Take care releasing cod
  |  First Published: July 2004

SINCE my last report, it seems things have not really changed much.

Quality cod have been unpredictable, feeding where and when they see fit, regardless of water levels or barometric readings. Things that generally stimulate heightened feeding are having little effect this season and, to put it mildly, it’s bloody frustrating.

While I say this there have been a few nice cod taken on lures in the Robinvale and Wentworth areas, with two of these fish over 30kg.
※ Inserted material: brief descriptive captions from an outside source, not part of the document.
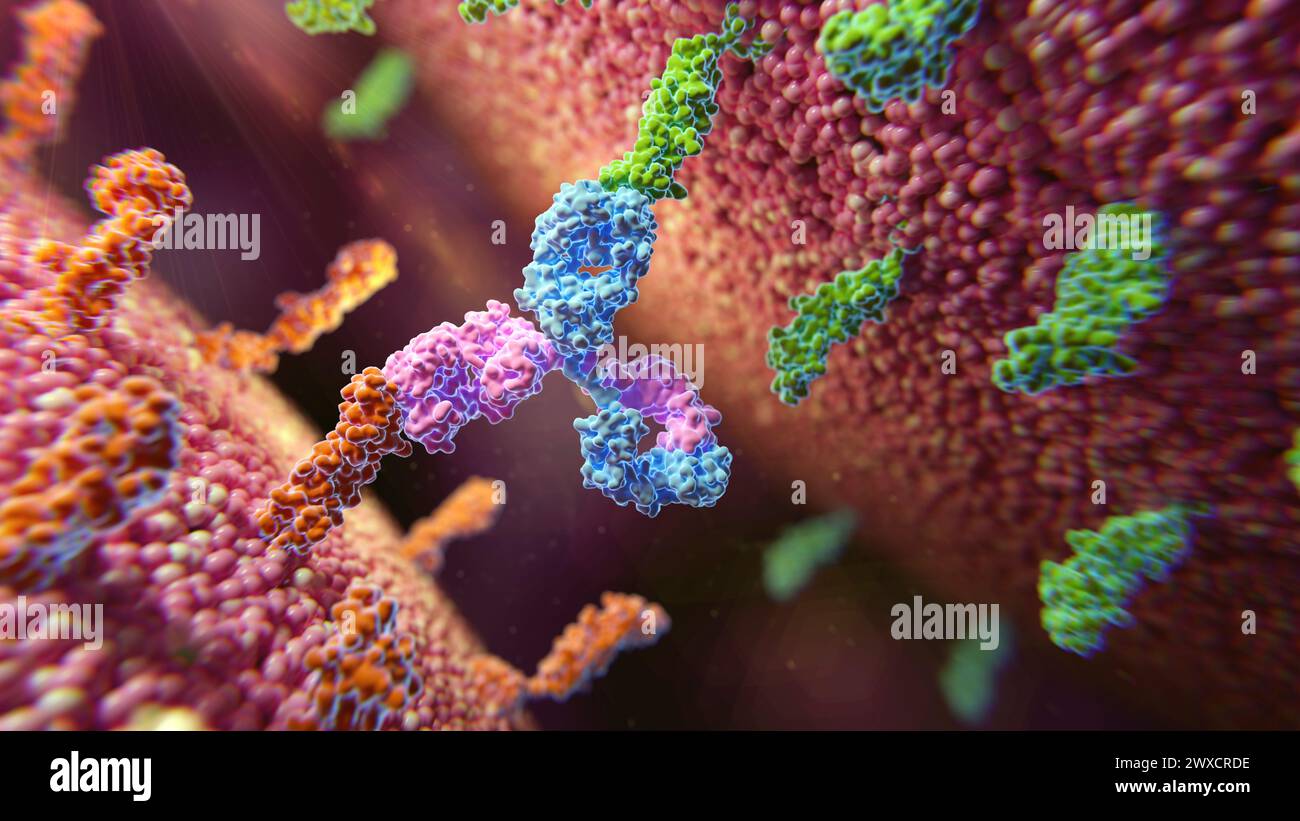 Immagine di un anticorpo bispecifico (blu e viola) che si lega a due diverse proteine della membrana (verde e arancione). Foto Stock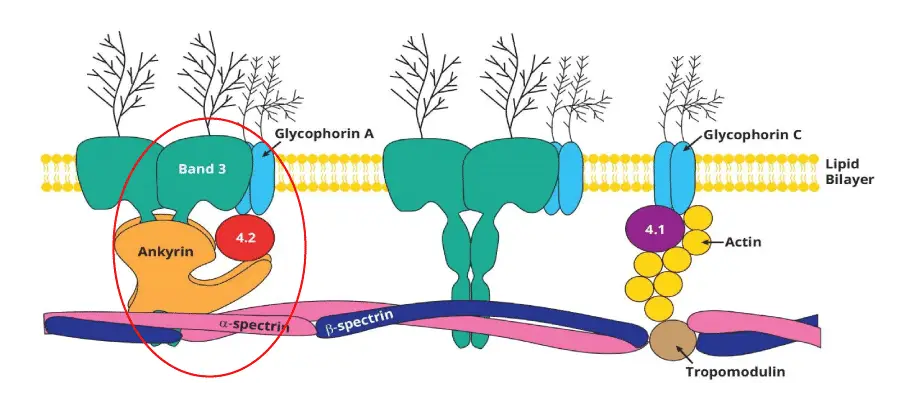 Image depicts a schematic diagram of a red blood cell membrane, highlighting the locations of common hereditary spherocytosis (HS) mutation sites, including spectrin, ankyrin, band 3, and protein 4.2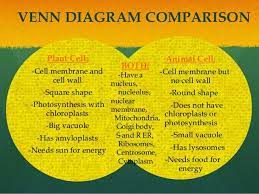 The plant cell and the animal cell can be differentiated by the presence of organelles in them. Plant And Animal Venn Diagram Elegant Plant Vs Animal Cells Cells Venn Diagram Animal Cell Plant And Animal Cells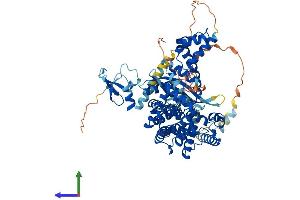 AlphaFold protein structure predicition of Human Recombinant ZBED1 Protein, UniprotID O96006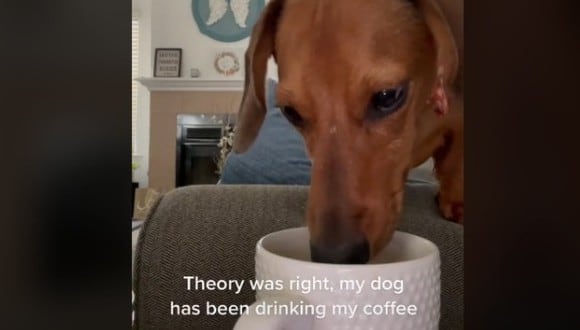 En TikTok se hizo viral un video en donde un perro es sorprendido por su dueña tomando una taza de café. (Foto: TikTok/chloealiya1).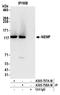 Nuclear Export Mediator Factor antibody, A305-757A-M, Bethyl Labs, Immunoprecipitation image 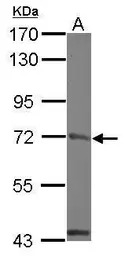 MCM4 antibody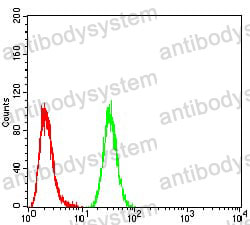 Anti-NFKBIA Antibody (R3G93)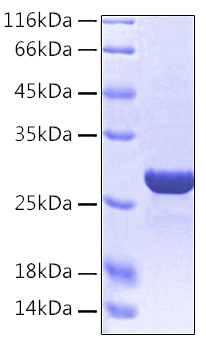 Recombinant Human HMGB1 Protein was determined by SDS-PAGE under reducing conditions with Coomassie Blue.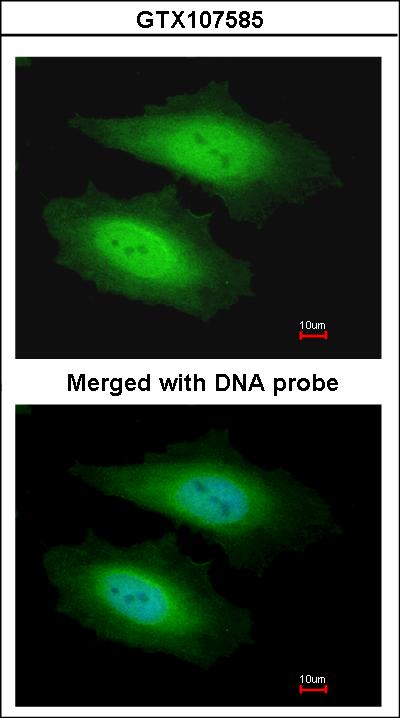 Immunofluorescence of paraformaldehyde-fixed HeLa using PSKH1 antibody at 1:200 dilution.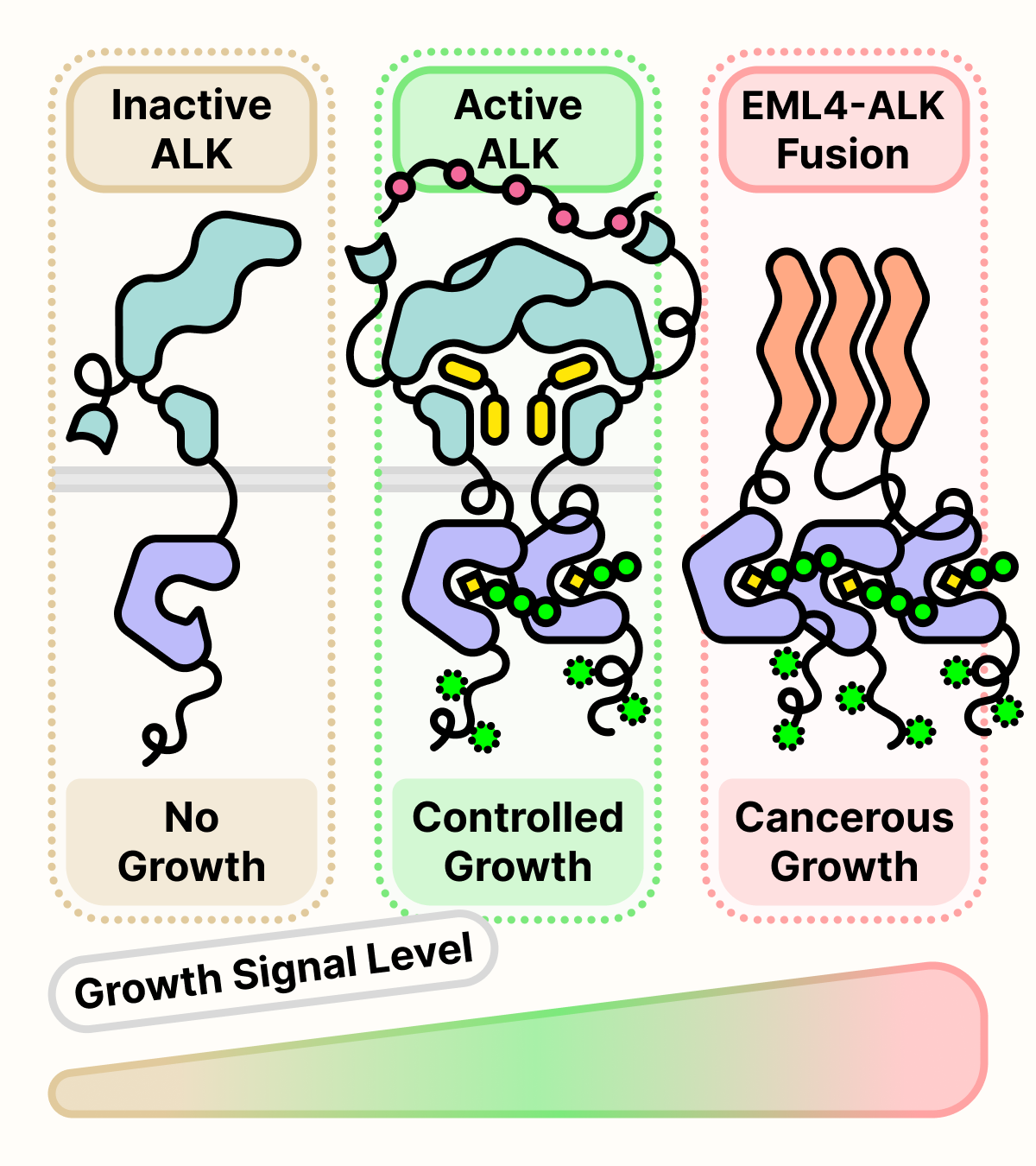 Growth signal level ranges from no signal from inactive ALK, to controlled signal from active ALK dimer, to cancerous signal from EML4-ALK fusion protein.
The good news is they were captured by thinking anglers and returned to the river for others to enjoy.

The bait-fishing has also slowed with most on the water flat out losing a bait, let alone catching a fish using this method.
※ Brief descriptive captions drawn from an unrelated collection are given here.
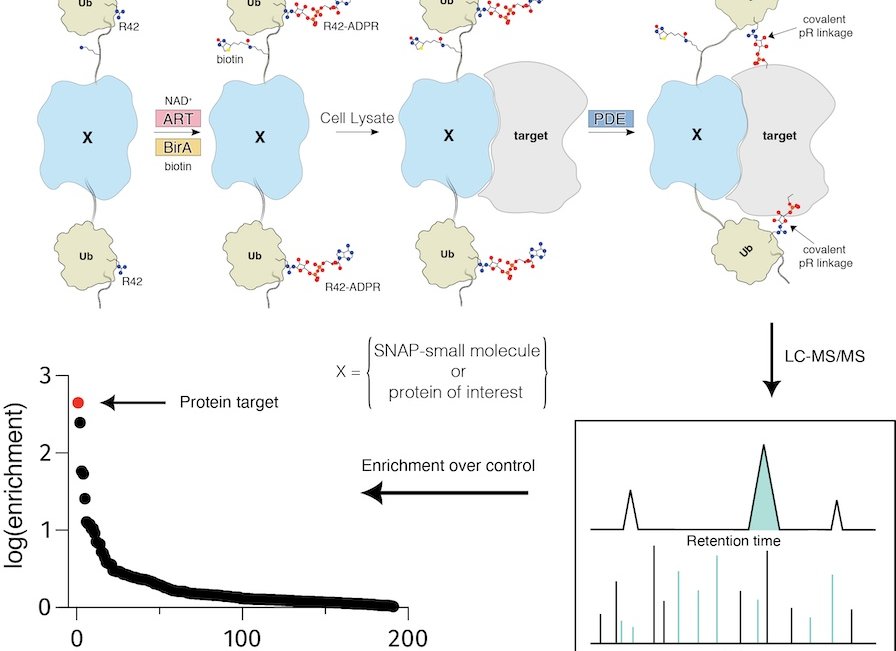 A graphical abstract of the publication Bacterial ubiquitin ligase engineered for small molecule and protein target identification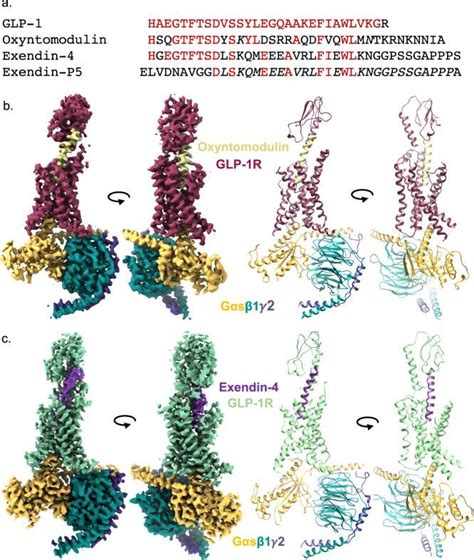 Structural Research Of G Protein Coupled Receptors GPCRs Class B1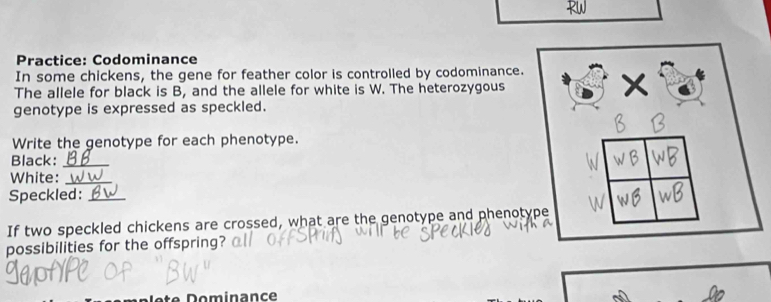 Practice: Codominance 
In some chickens, the gene for feather color is controlled by codominance. x
The allele for black is B, and the allele for white is W. The heterozygous 
genotype is expressed as speckled. 
Write the genotype for each phenotype. 
Black:_ 
White:_ 
Speckled:_ 
If two speckled chickens are crossed, what are the genotype and phenotype 
possibilities for the offspring? 
Dominance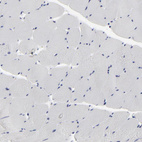 Anti-CASP3 Antibody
While the fishing is a little slow, now seems as good a time as any to make comment on a topic that needs a little attention.

This involves the amount of time well-intentioned anglers have big Murray cod, or any cod for that matter, out of the water before their release.
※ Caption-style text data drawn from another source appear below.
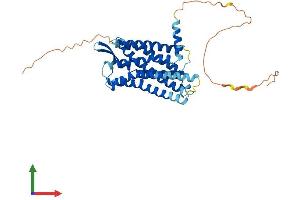 Protein Structure (PS) image for Galanin Receptor 2 (GALR2) (AA 1-371) protein (His tag) (ABIN7562675)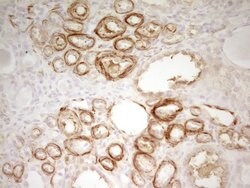 SP110 Monoclonal Antibody (OTI1C3), TrueMAB , OriGene 100 &mu;L; Unconjugated:Antibodies,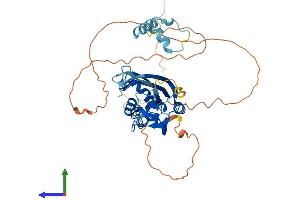 Protein Structure (PS) image for Potassium Channel Tetramerisation Domain Containing 16 (KCTD16) (AA 1-427) protein (His tag) (ABIN7557433)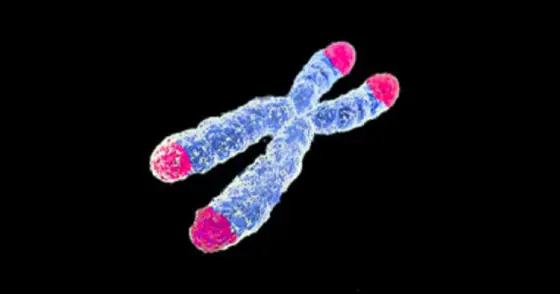 Intact telomeres, the end structures of the chromosomes, are a prerequisite for the immortality of tumor cells.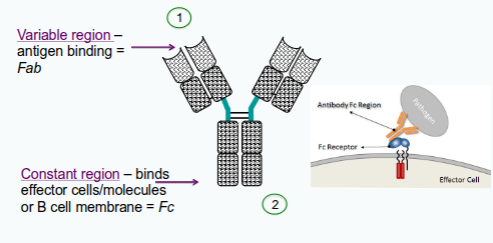 <p><span style="color: rgb(0, 0, 0);"><span>1. bind specifically to the pathogen/products that elicited response</span></span><span style="color: rgb(0, 0, 0);"><br></span><span style="color: rgb(0, 0, 0);"><span>2. recruit other cells and molecules to destroy the pathogen</span></span><span style="color: rgb(0, 0, 0);"><br></span></p><p><span style="color: rgb(0, 0, 0);"><span>Each function – recognition and effector activity - are structurally separated in the molecule</span></span></p>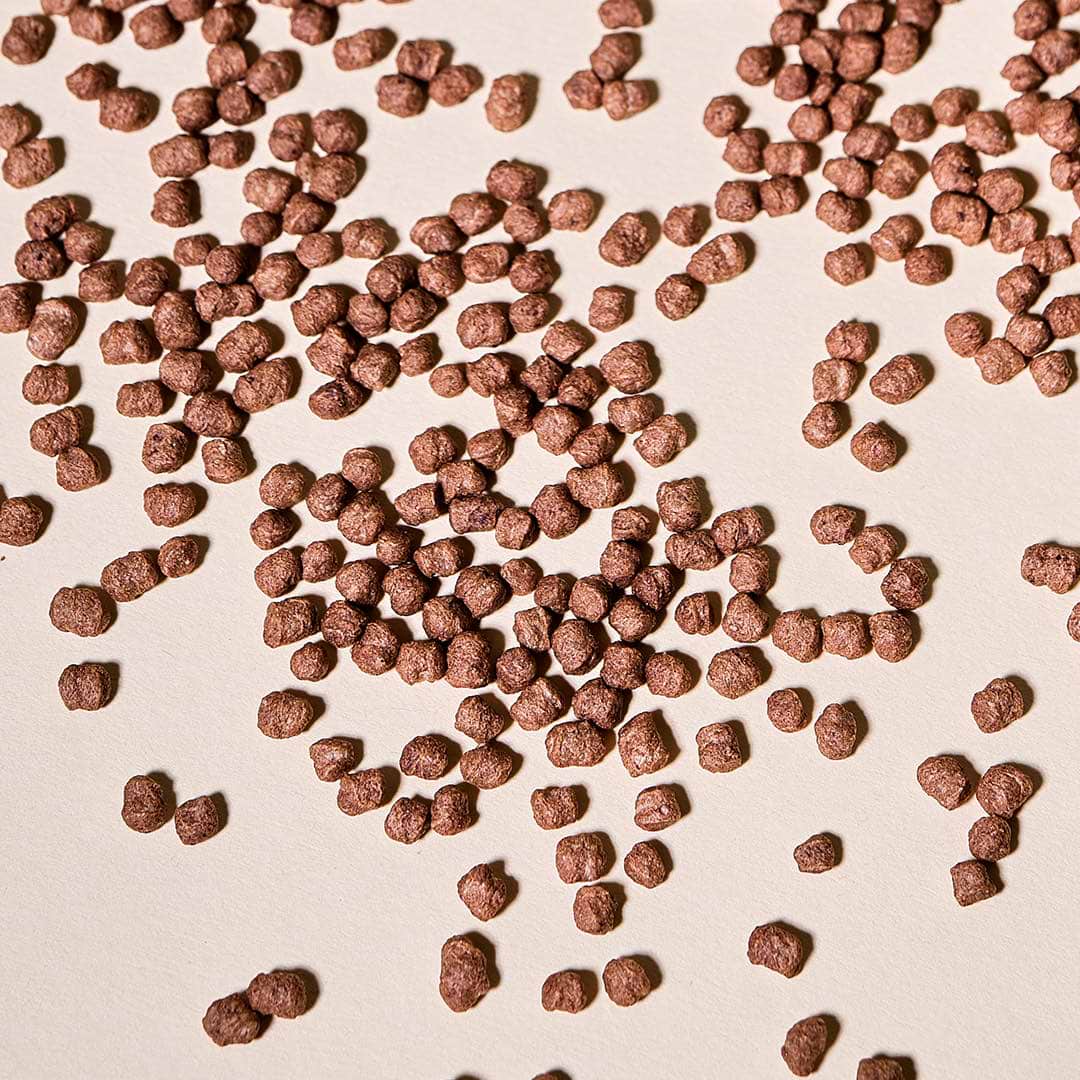 Soy Protein Crispies with Cocoa - 58% Protein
Big cod may take on the appearance of tough, feisty critters but they are, in fact, big pussies. Out of the water, cod will stress and die quite easily if not handled correctly.

One fish observed recently was measured, weighed, videoed, photographed, then videoed again before its eventual release. The whole process took no less than 20 minutes and the outcome was a fish that really struggled.

This took place while both the water temperature and fishes’ metabolisms were down, the perfect conditions for releasing big cod.

If this same scenario had taken place a few months earlier, when conditions were a little warmer, this and every fish witnessed captured by this group would have died. There is no doubt their intentions were noble but their handling techniques fell well short of the mark.


If your intention is to release these big fish in the best possible condition, then time is a critical factor. Have a plan.

It takes only one angler to fight a fish. While this is happening, the offsider can prepare the camera, pliers, gloves and, most importantly, a wet towel to lay the fish on when it comes on board.

If you intend to weigh your catch, simply hook your scales onto the landing net when you bring the fish on deck.

Keep your hands clear of gill slits and support the fish’s whole body weight. Do not lift or weigh the fish by the head or gills.

When the weather is a little warmer, get in the water with the fish to obtain photos as any more than a couple of minutes out of the water in hot weather will see your catch of a lifetime turn into a pile of fatty fillets.

Catch and release is a great part of the angling package. If you are proficient at catching a particular fish, obtain the knowledge how to correctly handle and release it. It takes little effort to get it right and the results are very rewarding.